Let's play a game. Where in Council Bluffs is this? At noon tomorrow, I'll pick a winner randomly from all the correct guesses (comment below or on my Facebook page) and send them a print of this image. Specific guesses only. Okay, go. Here's the clue: It's a pocket of wilderness in one of the most developed (and busiest) parts of Council Bluffs. If you drove by here this morning, you might have noticed me taking this picture.
Lake Manawa. During the past few days, several of my favorite trees around Lake Manawa have been cut down, presumably because they were dead or dying and posed some type of hazard. Or at least I hope so, since they have long been some of my favorite photographic subjects there. But if they were simply deemed aesthetically unpleasing by some park authority, I present this photo as proof to the contrary. The one pictured here sat along Manawa Road and served as a lookout perch for more bald eagles than I count. It's now in a pile on the opposite side of the road.
On a lighter note, Happy New Year, everybody. Stay safe out there, and enjoy the heck out of 2015!
Lake Manawa State Park. If you visit the park often, you probably know exactly where this is. The morning sun was shining, the leaves were turning, and the fog was rising. I love this time of year.
Lake Manawa, yesterday morning. The road around the lake has some great trees, and I've spent countless hours photographing them, especially on cold, still mornings when the mist is rising.

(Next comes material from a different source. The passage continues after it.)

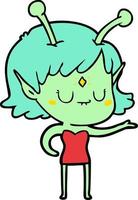 Vector alien girl character in cartoon style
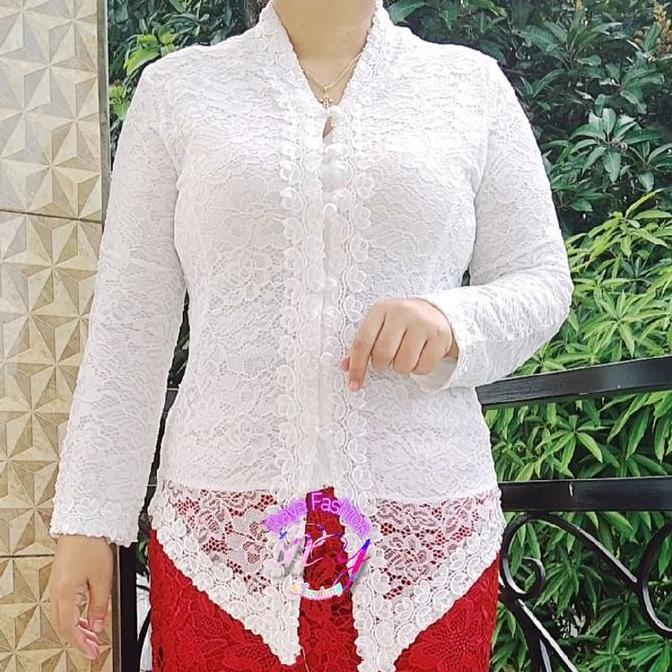 Atasan brokat putih lengan panjang V-Neck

Happy Autumn, everybody!
A family of geese swim past the northernmost tree on Boy Scout Island, Lake Manawa.
So I’ve been continuing my exploration of local backroads in my search for rural Americana, neglected barns, abandoned farmhouses, forgotten structures that stand as reminders of semi-recent antiquity, and lone trees along dusty gravel roads keeping an eye on the rolling Loess hills, somehow surviving storm season after storm season with no protection from the relentless prairie wind. I’ve been trying to stay more organized, keeping notes and placing virtual pins in Google maps, to keep from retracing prior steps. It can be a challenge, though, since much of the terrain begins to look pretty similar on those backroads, except when you stumble upon a really memorable scene like the ones I did this past Saturday morning. The weather forecast called for a cold morning and a possibility of early fog, so I left the house hopeful that I’d find some. I headed toward Mineola via Woodland Trail and Brothers Ave and found this scene waiting for me, just before the descent toward Keg Creek, the entire valley awash in rolling ribbons of fog and only the tallest trees pushing through as if to breathe while treading water. It was one of those moments when I again felt fortunate to live among the hills, where so many great views can be found. Which leads me to my question of the day: With so many high points around the Loess Hills, which offer your favorite views?
A lonely side-road in the Nebraska Sandhills.